Design And Behavior: Solution Manual Steel Structures
A single-angle tension member, L4×4×½ (A36 steel), is connected to a gusset plate with 7/8-inch diameter bolts as shown in Figure P2.17 (three bolts in one leg, staggered: 3" on center along length, 2" gage). Compute the design tensile strength (LRFD) and allowable tensile strength (ASD).
Block shear rupture strength (AISC Eq J4-5): solution manual steel structures design and behavior
Gross shear length = ( 1.5 + 3 + 3 = 7.5 \text{ in} ) (from edge to last bolt). Net shear length = ( 7.5 - 2.5 \times d_h = 7.5 - 2.5 = 5.0 \text{ in} ) (since 2.5 holes along shear path? Actually 2.5 holes for two lines? Need precise – typical simplified: net shear area = ( (7.5 - 2.5*(1.0))*0.5 = 2.5 \text{ in}^2 ) per plane, two planes = 5.0 in²). A single-angle tension member, L4×4×½ (A36 steel), is
Path 1: straight line through both holes (no stagger effect since in same leg, but stagger formula still applies if line zigzags – here, holes are in same leg, so stagger not applied unless crossing to other leg?
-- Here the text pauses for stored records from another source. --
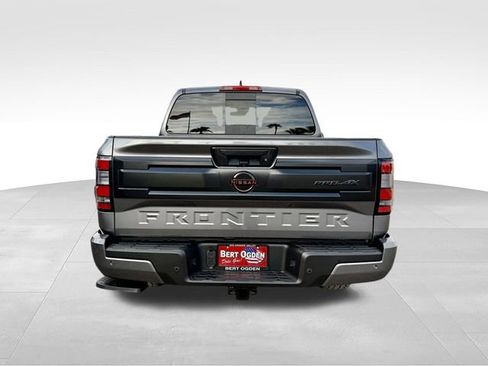 New 2026 Nissan Frontier PRO-4X w/ Tow Package AWD/4WD image 6
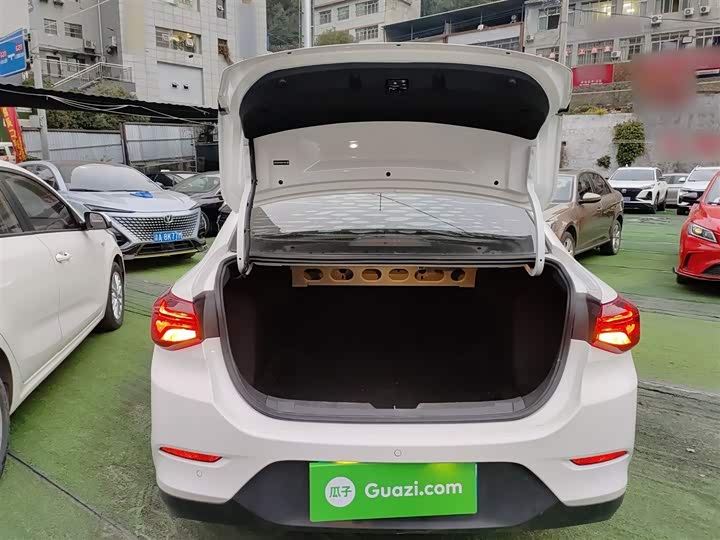 Фото 19 - Chevrolet Onix (Cavalier)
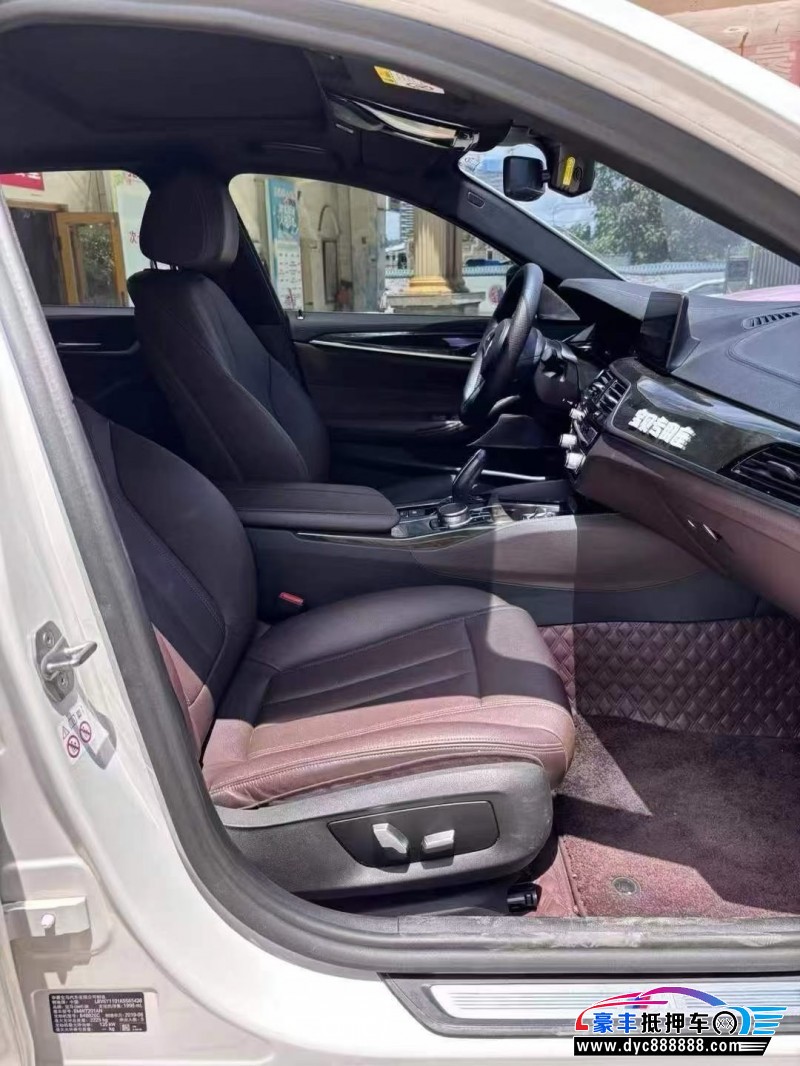 19年宝马5系轿车抵押车出售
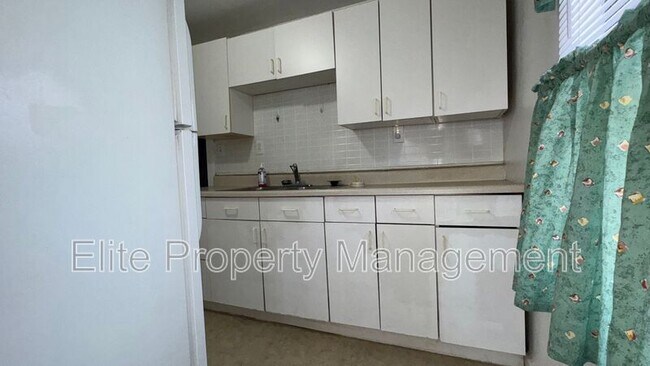 Building Photo - 505 Orange St
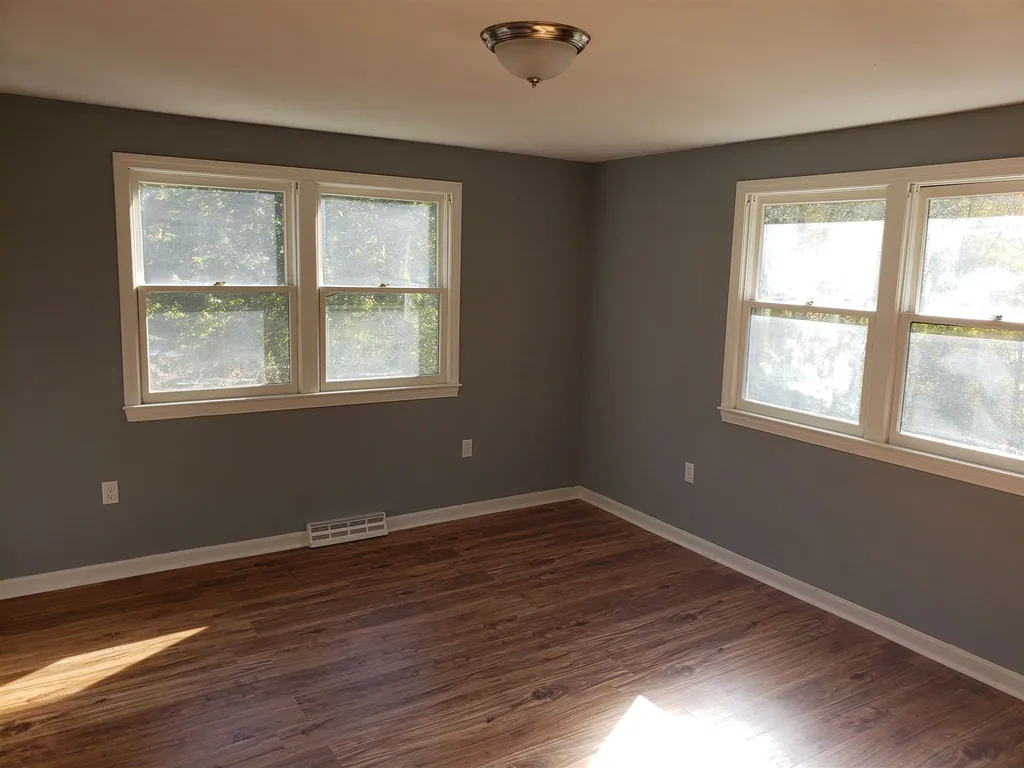 160A Greeley Street Hudson NH 03051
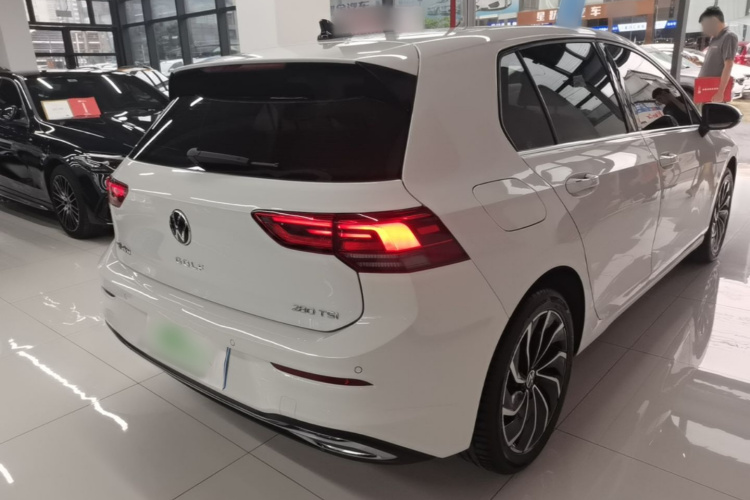 Volkswagen Golf 2024 car image #7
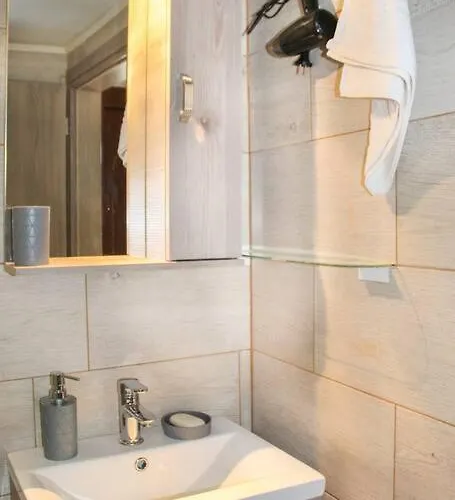 Mani Stone House Lodge Appartement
For angles, net section often through holes in same leg, stagger effect negligible for two holes on same line. However, typical solution uses two holes: ( A_n = A_g - 2 \cdot (d_h \cdot t) ) = ( 3.75 - 2 \cdot (1.0 \cdot 0.5) = 3.75 - 1.0 = 2.75 \text{ in}^2 ). Net shear length = ( 7
[ P_{n, yielding} = F_y \cdot A_g = 36 \cdot 3.75 = 135 \text{ kips} ]
Assume failure path: tension on net area across the end row, shear on two net areas along both sides of bolt group.
Thickness ( t = 0.5 \text{ in} ). Two hole diameters in the failure path (assuming worst path goes through both holes in the same leg – check path 1-2-3).